Le plus gros défaut de Bistro Malaga, c’est sa longueur. C’est l’effet jam session. On a donc un «  Fui hecho para marte »  de plus de quatorze minutes pas totalement déplaisant, mais quand même relativement ennuyeux. Certaines introductions sont bien trop longues et plusieurs morceaux s’éternisent sans que cela soit nécessaire. Normal pour un disque conçu en enregistrant directement les synthés via un multipiste ADAT, avec des possibilités limitées d’édition. Sur Antenna, le groupe va réussir à contenir un peu mieux cette tendance à se chauffer et transformer toute idée en impro techno hypnotique. 

Dix-huit mois après ce premier disque, Estupendo amorce un virage ambient-pop, lunaire et déconcertant. La maîtrise progressivement acquise de leur matériel leur permet de bien mieux dompter leur son et leur énergie, alors que les objectifs ont, de manière subtile, changé. La technopop devient plus raffinée, limite guindée, dans une démarche analogue à celle de Wolfgang Voigt et ses compères, au même moment, à 11 443 kilomètres de là, à Cologne. Il y a une connivence évidente entre le son de ce deuxième disque d’Estupendo et la première compile Kompakt, sortie en 1996 sur le label Profan, qui donnera bientôt naissance à la célèbre institution allemande. Ce qui est stupéfiant, c’est le côté prophétique du second opus de Fernando Lamas et Sebastián Mondragón. On trouve en effet là tous les ingrédients de la pop-ambient telle qu’on l’entend à travers la série de compilations du même nom et publiée chaque année par Kompakt depuis 2001. Atmosphère ultra éthérée, mélancolie douce, chanteur rêvasseur et synthétiseurs extatiques, tout y est. Les morceaux chantés d’Antenna sont tout simplement géniaux. « Borneo »  s’écoute en boucle, véritable hit injustement méconnu, porté par la voix touchante de Fernando Lamas, alors que sur « Binoculares », on est dans un pur délice de balade synthétique. Dans tout les cas, un seul objectif : égarer l’auditeur dans un espace de flottement et de rêveries digitales.

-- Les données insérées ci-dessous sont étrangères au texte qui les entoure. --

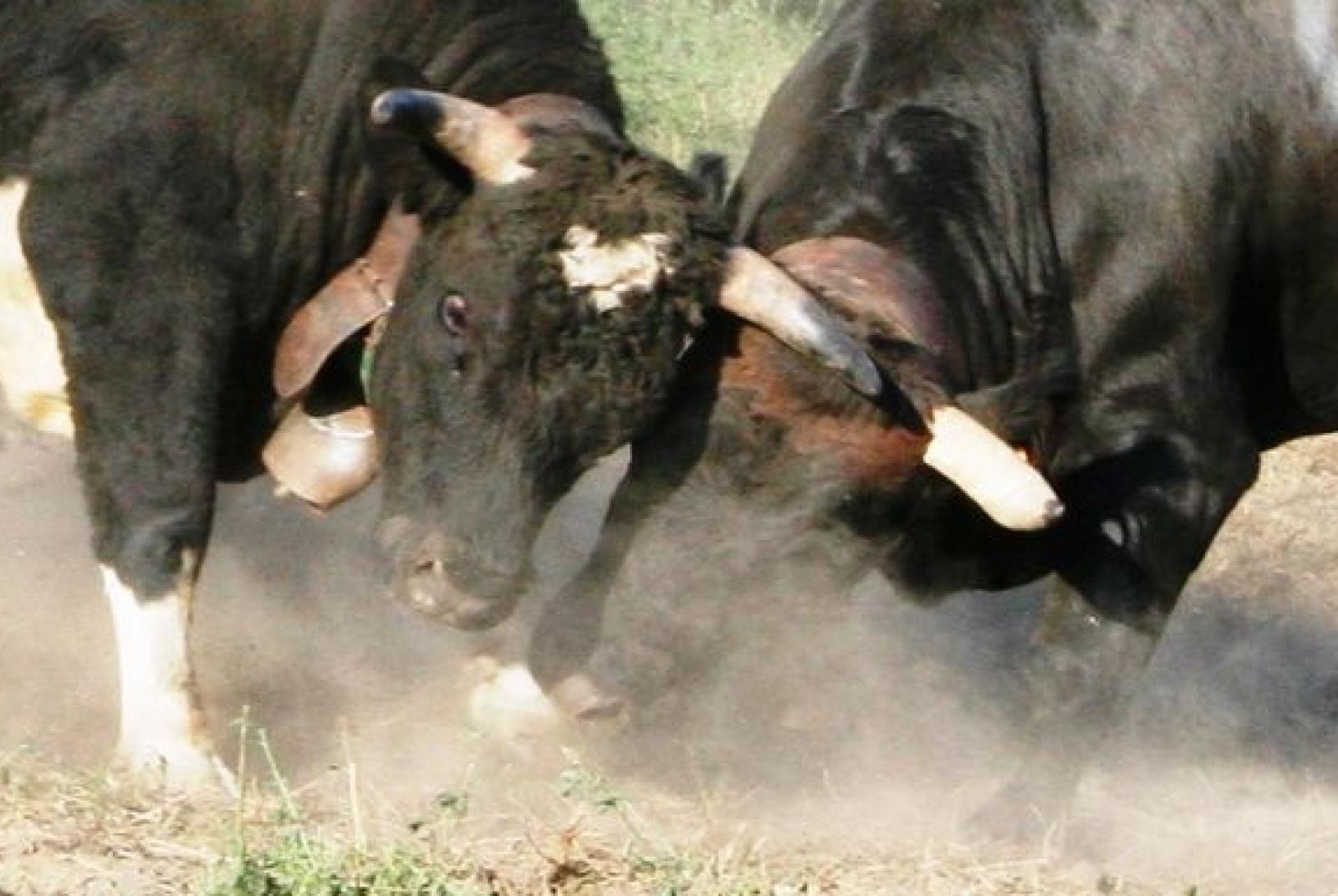 Bataille des reines  amichevole (appuntamento fuori rassegna regionale)
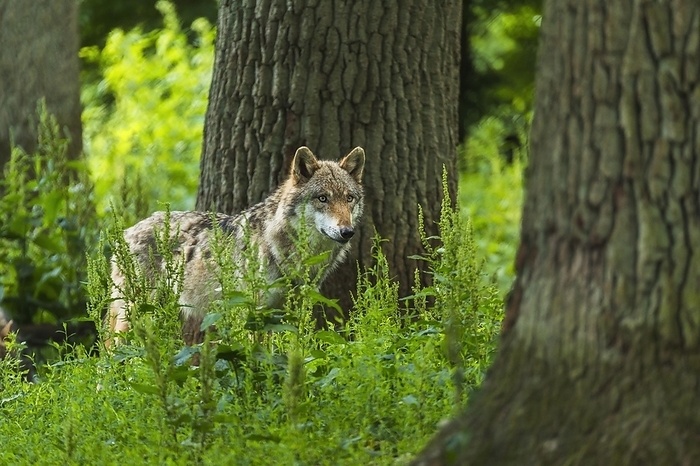 Wolf (Canis lupus), captive, by Raimund Linke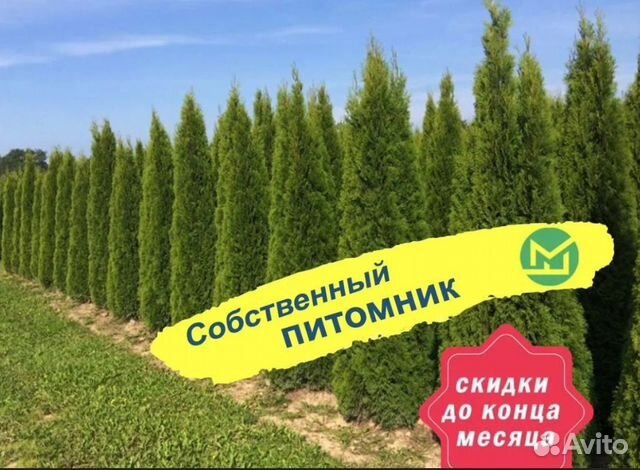 Туя смарагд саженцы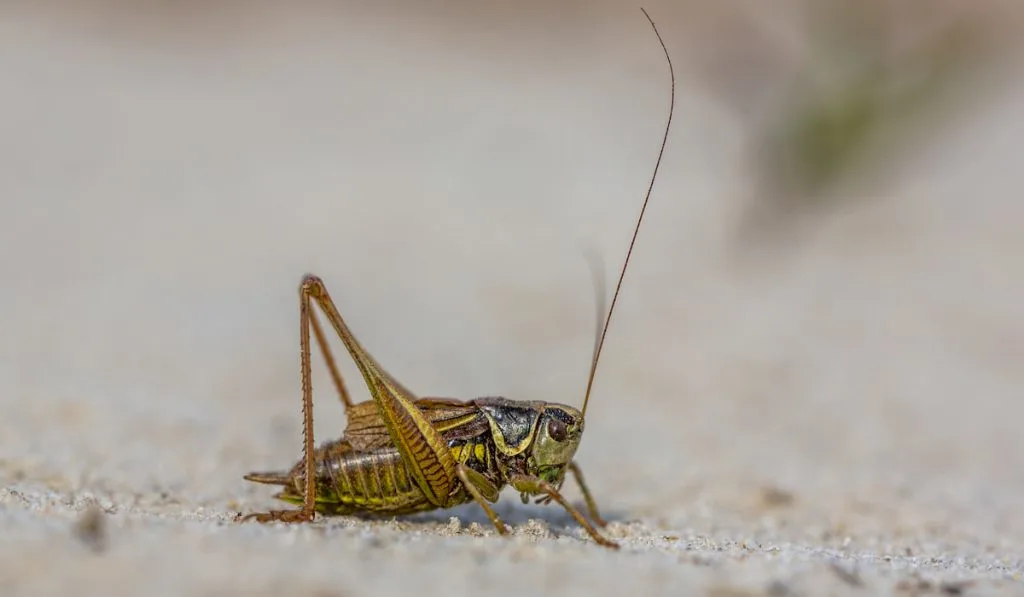 Roesels bush cricket on light sand 
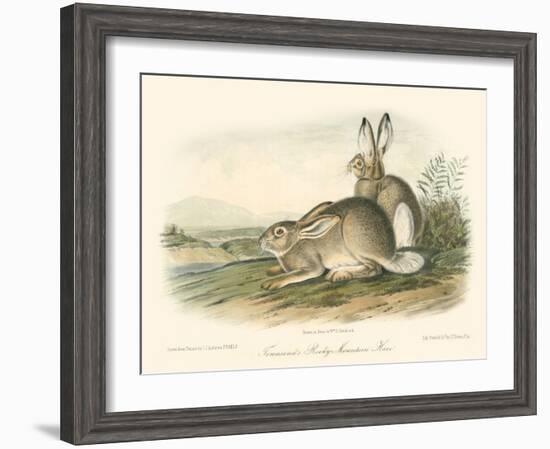 Rocky Mountain Hare-John James Audubon-Framed Art Print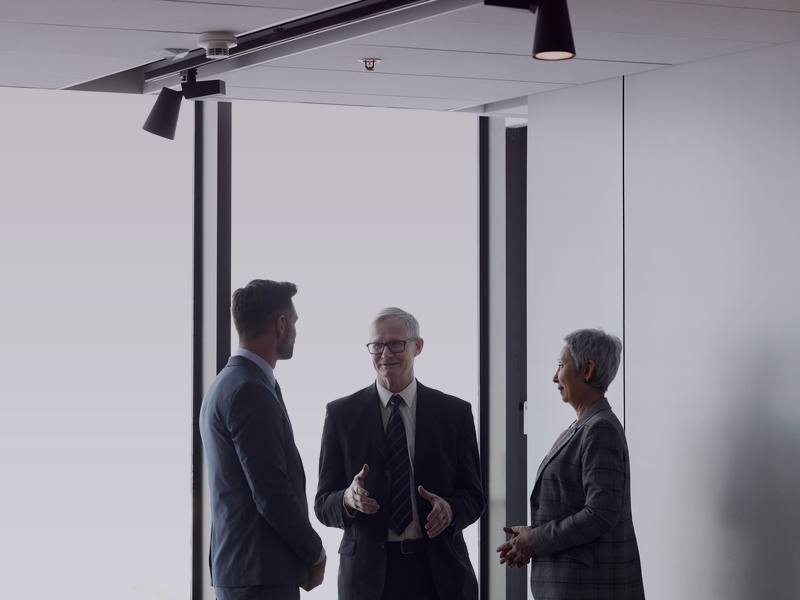 Executive Network expert consulting team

Les instrumentaux ne sont pas en reste, élégants et subtils, comme « Porte inst. » ou « Manpara AC », mais ce qu’ils ont d’étonnant, c’est que bien que tout soit joué avec des instruments électroniques enregistrés à la volée, on trouve une forme de son proto-digi-MAO des années 2000 (ou de studios des années 1990 bien mieux équipés). Tout est maîtrisé, contenu, comme si notre duo avait réussi à prédire le son à venir, en plein crépuscule du hardware, depuis leur brumeux palais de la défonce. Purée, pour du 1996, en termes de programmation de synthé, d’instrumentation et d’inventivité, on est quand même vraiment pas mal. 

Poussés par leur intérêt pour les univers digitaux et les nouveaux modes de composition, nos deux Argentins vont finalement acheter un ordinateur peu de temps après la sortie de ce second effort. À partir de Montevideo, sorti l’année suivante, ils vont opérer un virage drastique, permis par les outils informatiques, vers une sorte d’IDM obtuse, mais vraiment charmante, en germe dès 1994-95 comme en témoignent les deux morceaux bonus d’Antenna. En deux disques, on voit donc se jouer la fin d’un monde, et se dessiner le début d’un autre. Mais là, ce ne sont pas des monstres qui surgissent, comme chez Gramsci, mais bien deux disques technopop remarquables et singuliers.